It’s not too bad. Here’s how I modified it to get it working for your use case.
What I did was build an array using the strings I want to filter against. Admittedly, this is a much smaller list than yours and I’m not sure how well it will scale, but you could split it into multiple queries.
Relevant lines 42 & 43:
$filters = Get-Content E:\temp\files\countries.txt
$q = $filters -join "', '"
This makes an array of strings to use in the query that looks like this
country1, 'country2', 'country3', 'country4 - the outer quotes, which are missing, are added in the query itself.
I then ran a select on all rows where $q does not appear in the countries column (this is referenced as F2) - I couldn't get column names working so I stuck with the default provided by OleDB.
Relevant line 46:
$sql = "SELECT * FROM [$tablename] WHERE F2 NOT IN ('$q') "
Once finished, the filtered data is in the datatable referenced by $dt so you can just export it as normal.
$dt | Export-CSV E:\Temp\Files\FilteredData.csv -NoTypeInformation
Now, as I said, my filter list was much smaller than yours, but the data file was 25MB (I made a subset of the example file previously posted). It took just 12.9 seconds to get 47000 rows (from 200,000) into $dt.
My modified script is below. Full credit for this goes to Chrissy LeMaire, my edits are no more than tinkering.

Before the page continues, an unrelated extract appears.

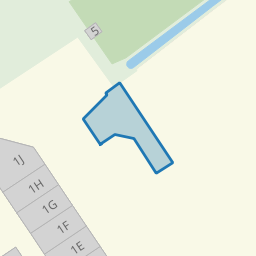 Perceel BGR01-R-2057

Note: I can't get VS Code to use the x86 shell so run this in the ISE or terminal.
# The Text OleDB driver is only available in PowerShell x86. Start x86 shell if using x64.
# This has to be the first check this script performs.
if ($env:Processor_Architecture -ne "x86") {
Write-Warning "Switching to x86 shell"
&"$env:windir\syswow64\windowspowershell\v1.0\powershell.exe" "$PSCommandPath $args"; return
}
Change to your CSV file name, must end in .csv or .tsv
$csvfile = “E:\temp\sales_tmp.csv”
Does the first row contain column names?
$firstRowColumns = $false
What’s the delimiter? Use `t for tabbed.
$csvdelimter = “,”
By default, OleDbconnection columns are named F1, F2, F3, etc unless $firstRowColumns = $true
Alternatively, you could make it check all rows. I’ll add that to the script later and post it.
$checkColumns = “F1,F2,F3,F4,F5,F6,F7,F8,F9,F10,F11,F12,F13,F14”
################### No need to modify anything below ###################
$datasource = Split-Path $csvfile
$tablename = (Split-Path $csvfile -leaf).Replace(“.”,“#”)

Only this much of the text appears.